Não por acaso, Alexandre Reinecke planeja investir numa remontagem de Trair e coçar... é só começar. Não se trata, porém, apenas do desejo de reeditar um megasucesso que estreou há mais de 20 anos. Reinecke participou como ator da peça de Marcos Caruso.
Fiz Trair e coçar... durante quatro anos. Ali aprendi tudo sobre a disciplina da comédia, principalmente com Denise Fraga e Roberto Pirillo relembra.
Reinecke formou-se num curso profissionalizante do Conservatório Carlos Gomes, em Campinas. Enveredou pela carreira de ator até fazer a transição para a função de diretor.
Não me considerava um bom ator. Detestava decorar texto. Quando fiz uma assistência de direção para Paulo Autran, percebi que a maior parte dos meus projetos estava mais ligada à direção do que à atuação afirma Reinecke, que foi assistente de Autran no espetáculo Um dia das mães, de Jeff Baron.
Seu último trabalho como ator foi na montagem de O que o mordomo viu, de Joe Orton, em 2000. Hoje já contabiliza no currículo 21 espetáculos que dirigiu. Não renega o passado. Tanto que garante gostar especialmente de dirigir atores. Nos últimos anos, conduziu nomes de ponta, a começar por Beatriz Segall e Myriam Pires em Quarta-feira, sem falta, lá em casa.
Apresentei o projeto para Myriam, que tinha sido amiga do Mário Brasini, e disse que Beatriz poderia tomar referências sobre o meu trabalho com Paulo Autran. Durante o processo, foi muito gratificante ver que elas, tão experientes, confiavam em mim, tão inexperiente ressalta.

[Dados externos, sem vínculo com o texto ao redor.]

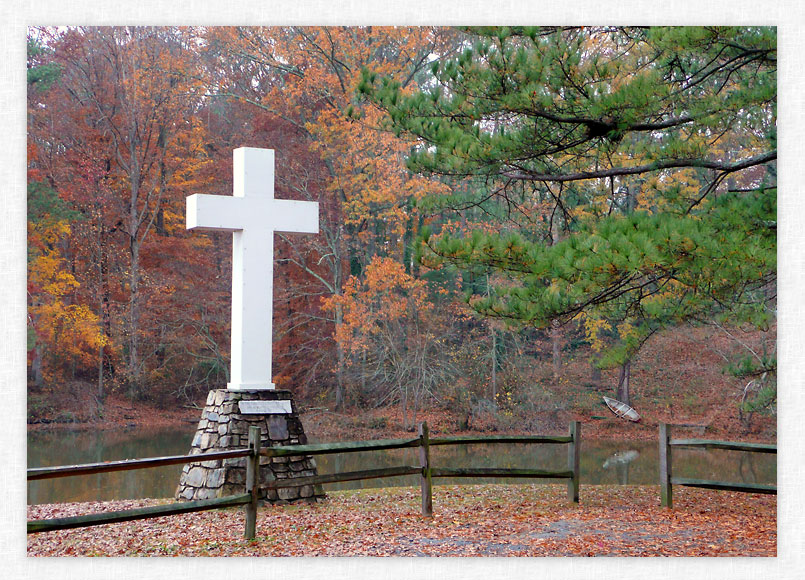 Cross at Lake Acworth in Georgia.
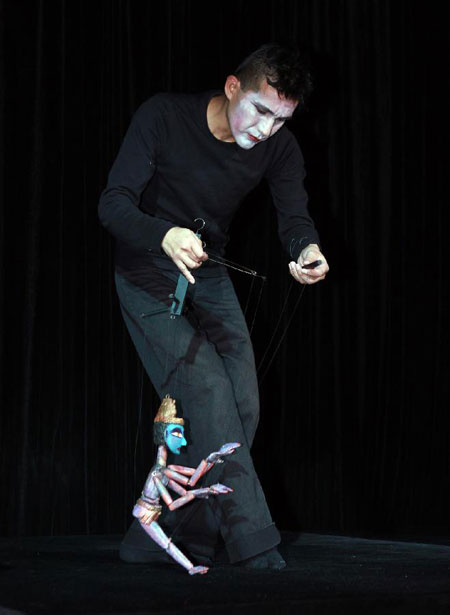 Shanghai Int'l Puppet Festival opens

Beatriz Segall, que fez nova temporada ao lado de Nicette Bruno depois da morte de Myriam Pires, avalia como satisfatória a empreitada com Reinecke.
Ele se revelou uma surpresa bastante agradável. Dirigiu muito bem um espetáculo que considero feliz na minha trajetória. Adoro trabalhar com gente jovem elogia Beatriz, que, antes de Reinecke, foi dirigida por um ainda iniciante Miguel Falabella, na década de 80, em Emily, monólogo centrado na escritora Emily Dickinson, um dos grandes sucessos de sua carreira.
Nos últimos tempos, Alexandre Reinecke travou parceria com alguns atores, como Marcia Cabrita que começou a namorar durante os ensaios de Toc toc, em cartaz no Teatro do Leblon (Sala Marília Pêra) Norival Rizzo, Marat Descartes e Denise Weinberg, a quem não poupa elogios.
Dessa nova geração considero como um dos mais ativos. Agita, produz, corre atrás. Seus ensaios são divertidos e objetivos. Tem uma incrível habilidade para levantar uma peça em 15 dias e talento especial para a boa comédia ligeira diagnostica.
Denise foi dirigida por Reinecke em Oração para um pé-de-chinelo, Arsênico e alfazema e Álbum de família. A atriz, inclusive, sugeriu a montagem de Toc toc depois de assistir à encenação do texto em Paris há poucos anos.
Marcia Cabrita também aprova seu método de direção.
Gosto de quem tem respostas para as perguntas. Reinecke trabalha a comédia de maneira precisa e bem marcada. Em Toc toc, por exemplo, não cabia improviso. Tive que me adaptar porque adoro improvisar. E ele pesquisa peças. É muito bom para mim porque não costumo ter esta iniciativa diz Cabrita, que já substituiu Fernanda Young em A ideia e deve engatilhar um próximo projeto com Reinecke: a montagem de um texto francês, traduzido, como Adorei o que você fez, na qual contracena com Tato Gabus Mendes.
Existem outros projetos bem diversificados que Alexandre Reinecke deseja viabilizar nos próximos tempos, como as montagens de Elogio da loucura, de Erasmo de Rotterdam, e TPM Katrina, de Paulo Coronato, além de uma assumida vontade de trabalhar com Claudia Jimenez. Como se vê, em meio a tantos planos, é complicado enquadrá-lo.
Não gosto de classificações confirma.